» Task requirements: Reproduce the whole listing exactly and let no picture into the copy.

» Given data:
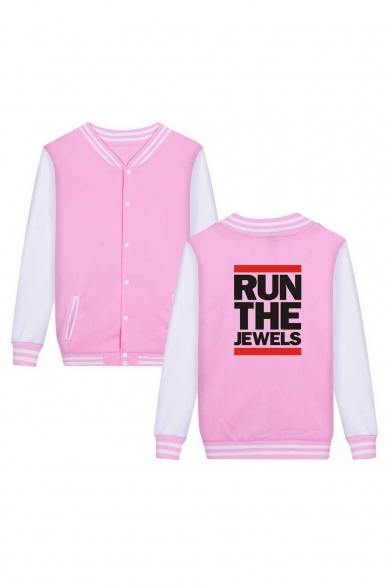 Hot Popular Letter RUN THE JEWELS Print Colorblock Rib Stand Collar Long Sleeve Single Breasted Baseball Jacket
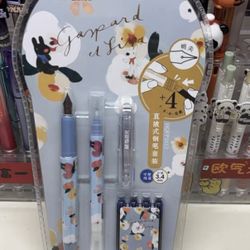 Gaspard Et Lisa Official Flower Pen Set With 4 refill blue inks, 2 Packs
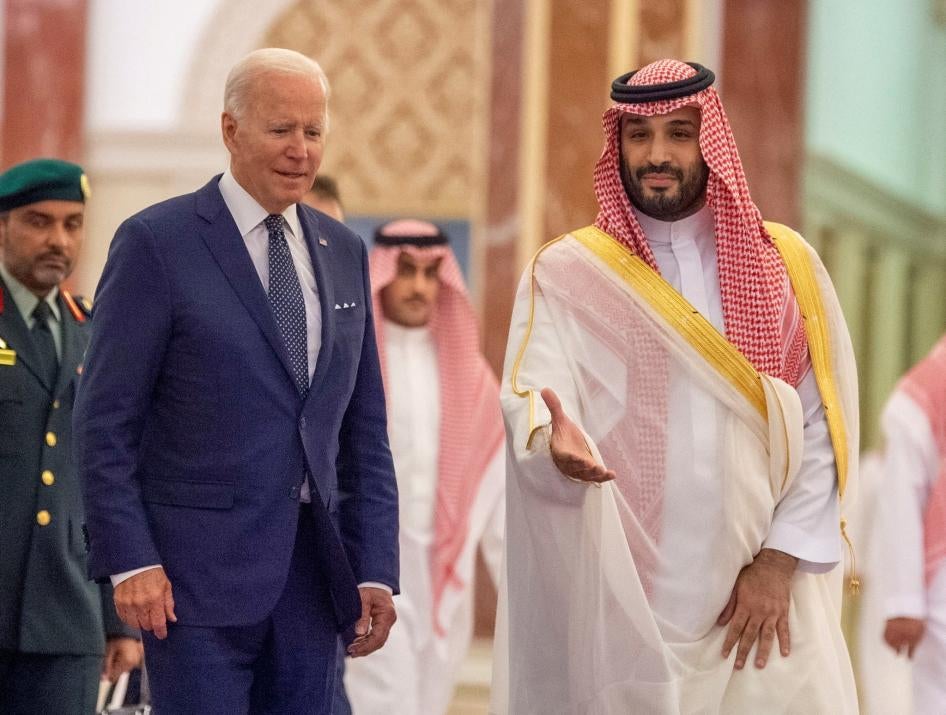 Saudi Crown Prince Mohammed bin Salman receives U.S. President Joe Biden at AI Salman Palace upon his arrival in Jeddah, Saudi Arabia, July 15, 2022.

» Finished exercise:
 Hot Popular Letter RUN THE JEWELS Print Colorblock Rib Stand Collar Long Sleeve Single Breasted Baseball Jacket
 Gaspard Et Lisa Official Flower Pen Set With 4 refill blue inks, 2 Packs
 Saudi Crown Prince Mohammed bin Salman receives U.S. President Joe Biden at AI Salman Palace upon his arrival in Jeddah, Saudi Arabia, July 15, 2022.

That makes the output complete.